Que dire à un homme qui a comme unique boussole, celle qui orne son fougueux trimaran de 30 mètres, affronte les dépressions et anticyclones, les tempêtes et les pots noirs béants de tous vents ? Que dire à cet homme qui fait de sa vie, un tour du monde à rendre fou les chronomètres et calendriers, qui a pour maison, un espace de trois mètres carrés et une voile  de plus de 10 mètres de haut, qui joue sur les vagues comme on joue dans les flaques d’eau ?

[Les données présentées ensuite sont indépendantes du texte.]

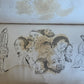 1850 ESSAYS of PHYSIOGNOMY by JOHN CASPAR LAVATER antique ILLUSTRATED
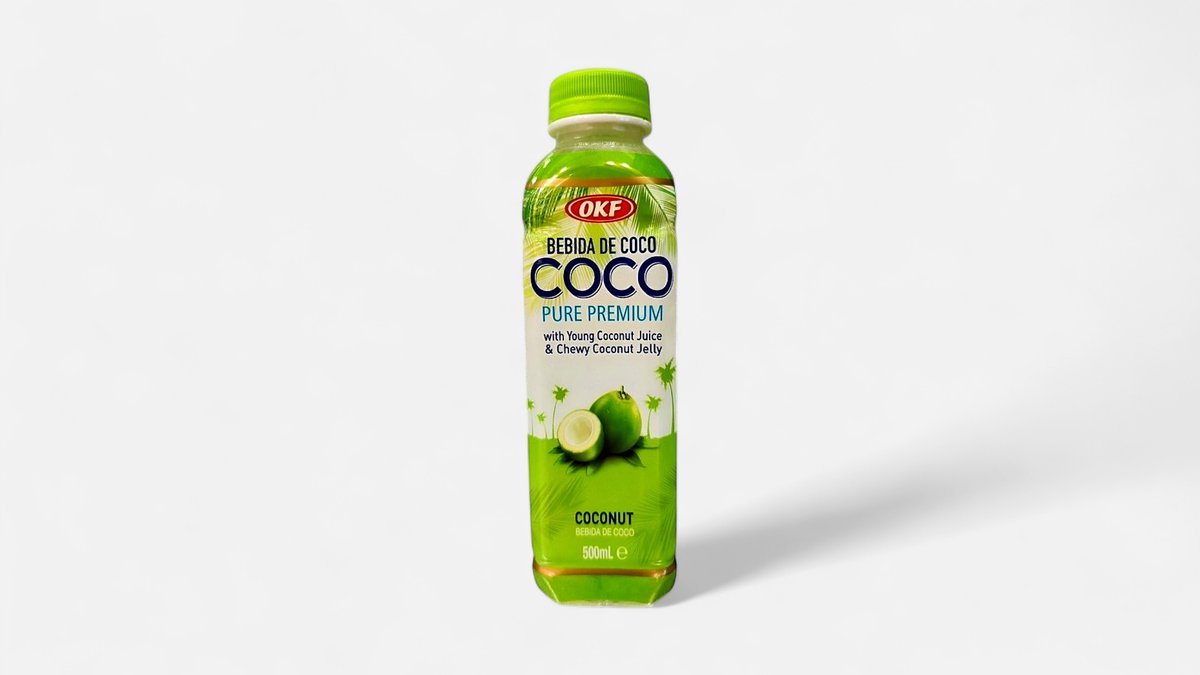ALOE VERA kókusz 500 ml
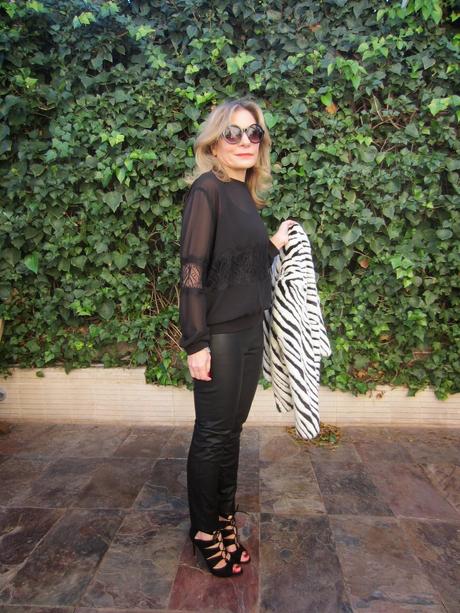 LOOK 295-17.1.20148:15THE POWER OF ANIMAL PRINT . ¡¡Hola ...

Que dire quand l’amitié est ce cap qui devient essentiel pour ne pas sombrer, apprendre à garder l’horizon en ligne de mire, ne pas dériver ou couler, faire de sa vie, des rires et des cyclones, des mains qui tiennent forts et empêchent de démâter ou s’écrouler ? Que dire quand les mots sont si beaux qu’ils en deviennent une mélodie, une couverture dans laquelle on s’enroule comme on étreint les bras amis, comme on se reconnait dans les mots et les phrases phares, comme on s’accroche à des bouées, des encouragements, des miroirs de nos vies, des amarres et ancres (encres), à des fils invisibles ? 

« Et puis au final, qu’est ce que c’est de donner ? Qu’est-ce que c’est recevoir ? La frontière est fragile. C’est un fil. Un infini fil. Recevoir, c’est se donner à soi-même la possibilité de recevoir et donner c’est se donner à soi aussi la capacité à recevoir ce donner. »
« Nous ne sommes pas responsables de tout ce qui nous arrivé mais de ce que nous allons en faire, il n’y a pas de doute. »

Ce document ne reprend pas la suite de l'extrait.